The number of flag bytes revealed to us scales linearly with the number of bytes there are in our balance, so we probably need to have a lot of money to get the full flag. For example, if the flag is $50$ bytes long, we need at least $2^{50*8} = 2^{400}$ coin units to get all of it, which is a really really really big number comparing to our humble $2023$ coins at the beginning.
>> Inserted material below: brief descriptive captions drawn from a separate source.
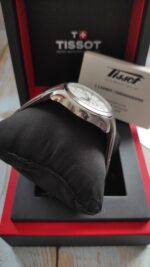 Tissot Couturier 1/10 Second Mens Chronograph - Image 4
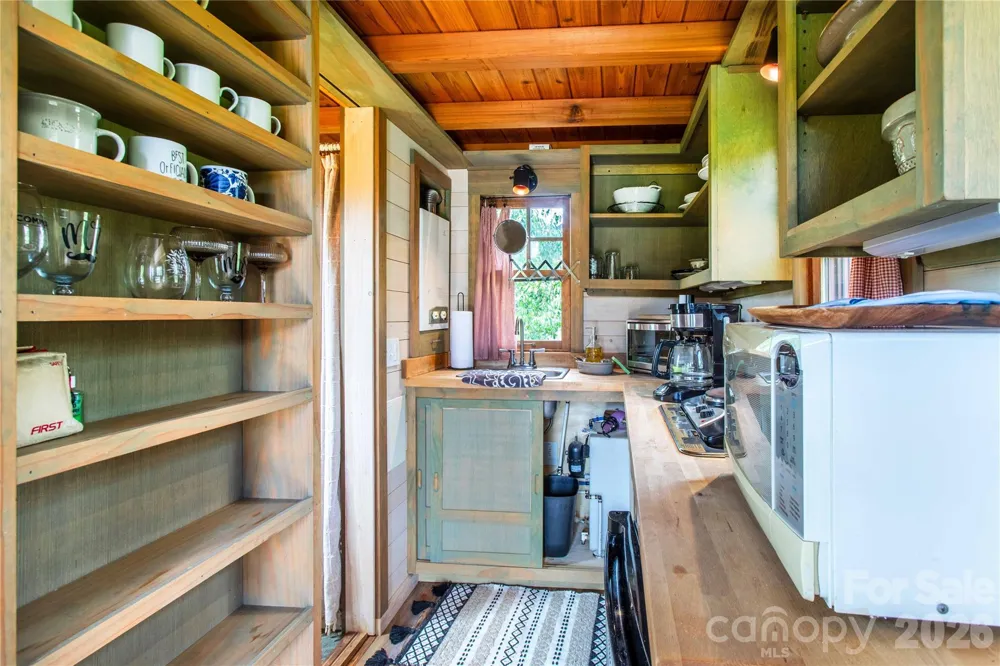 1295 Paint Rock Road Hot Springs, NC 28743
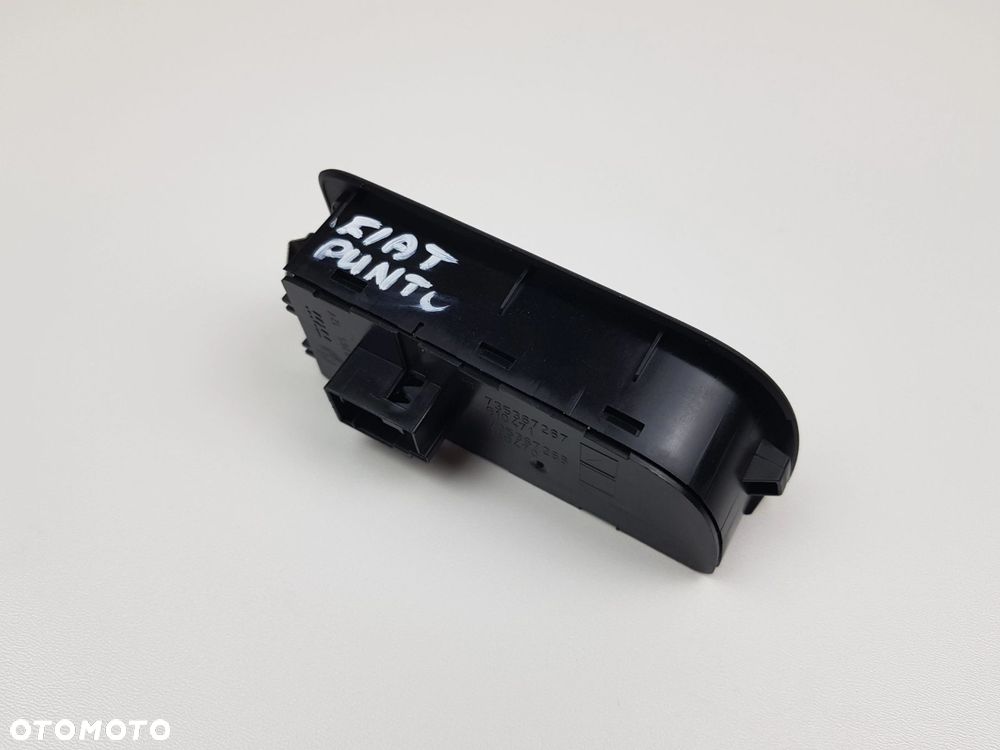 Panel Przełącznik Regulacja świateł Fiat Punto 199 735367267 - 6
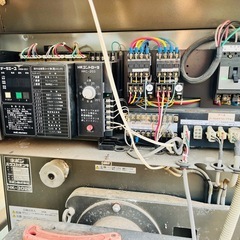 ハウス　加温機　ヒーターの画像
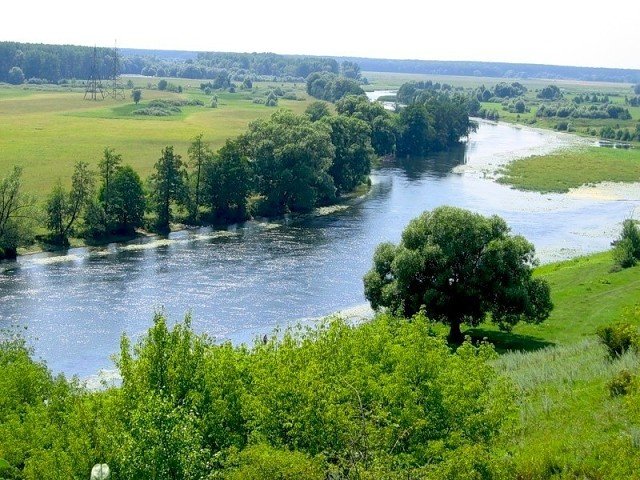 река северский донец фото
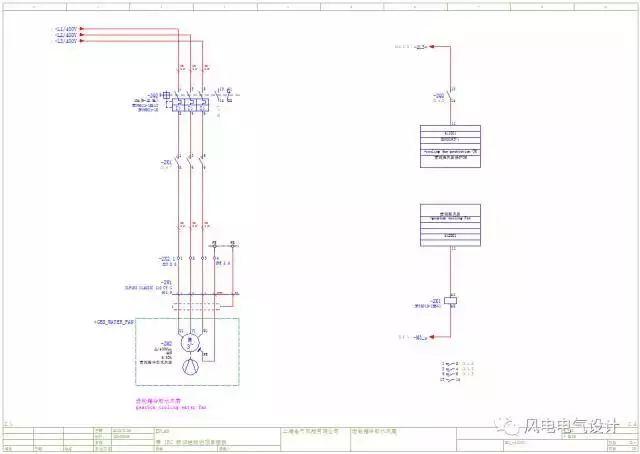 电气图纸的设计模式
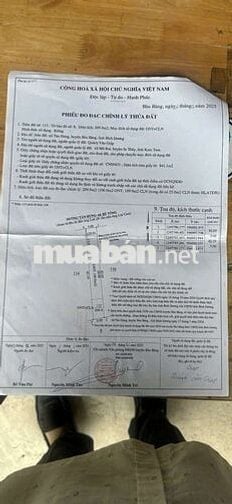 Bán 7 lô P Bến Cát Tp HCM ( Sát KCN BÀU BÀNG _ TÂN HƯNG, BÀU BÀNG.)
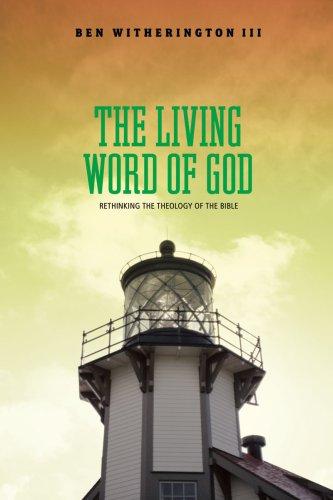 Cover image for The Living Word of God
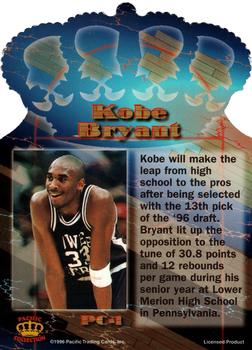Kobe Bryant Gallery | Trading Card Database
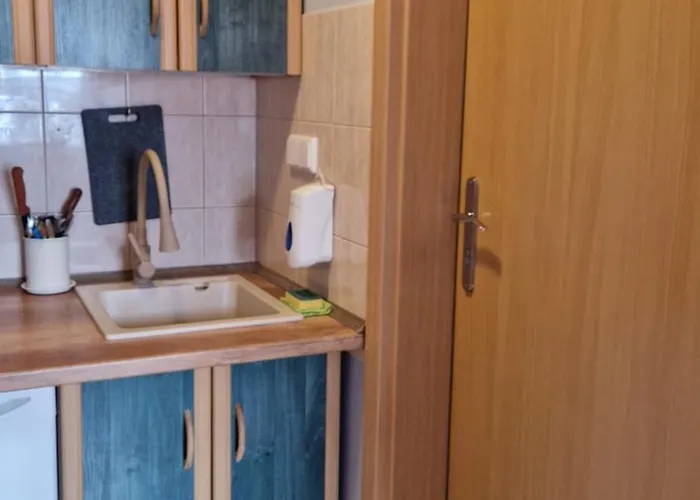 Ubytování v soukromí Astra Dziwnów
There are two ways we may want to approach this problem.

The IAVL bug

First one is the IAVL bug. You can see that users' data is stored in the Casino structure, which contains a tree object. This tree data type comes from github.com/cosmos/iavl library.


// casino.go
import (
// ...
	"github.com/cosmos/iavl"
// ...
type Casino struct {
	tree        *iavl.MutableTree
	numAccounts int
}
    
func NewCasino() *Casino {
	tree, err := iavl.NewMutableTree(db.NewMemDB(), 128, true)
	if err != nil {
		log.Fatal(err)
	}
// ...

Upon inspecting the go.mod file, you can see that it uses version v0.19.2, which is nothing surprising until you find out that the real-world IAVL is version v0.19.4 by the time the challenge was released.


// go.mod

module casino

go 1.19

require (
	github.com/cosmos/iavl v0.19.2
	github.com/golang/protobuf v1.5.2
	github.com/tendermint/tm-db v0.6.6
)

So, I began searching for clues, like "iavl v0.19.2 attack", "cosmos iavl v0.19.2 tree vulnerability attack", then I came upon this blog:

which was suspicious, because it released around the time of v0.19.3 according to this change log. " Pass IAVL Proof Verification?" Maybe there's some way we can craft a fake proofData to send to the PrintFlag function for any balance we wish to? Anyways, reading through the blog (not the one I screenshot-ed above, this one, dunno why it's not in Google search anymore 😕 that one's just for showcase that we tried to find stuffs), it seems like whatever bug they found, it was really bad. So I thought to myself: This must be it.

Then I noticed the change in v0.19.3, it seems like the change in the newer version suggests something about the attack we should come up with :)

However, our investigation about the tree stuff ends here, because this is where me and my teammate stopped (you know why 🙂); and also this blog's about attacking the Go's rand stuff 😗 If you want to read more about the IAVL bug, you should visit these two links, provided by a fellow Discord member:

The Go `math/rand` stuff

The second way you could dig at this challenge is by exploiting the rand.Intn(n) function from math/rand library. Remember, the server creates random numbers in $[0, 2023)$ and you can try to guess them in order to gain/or lose money.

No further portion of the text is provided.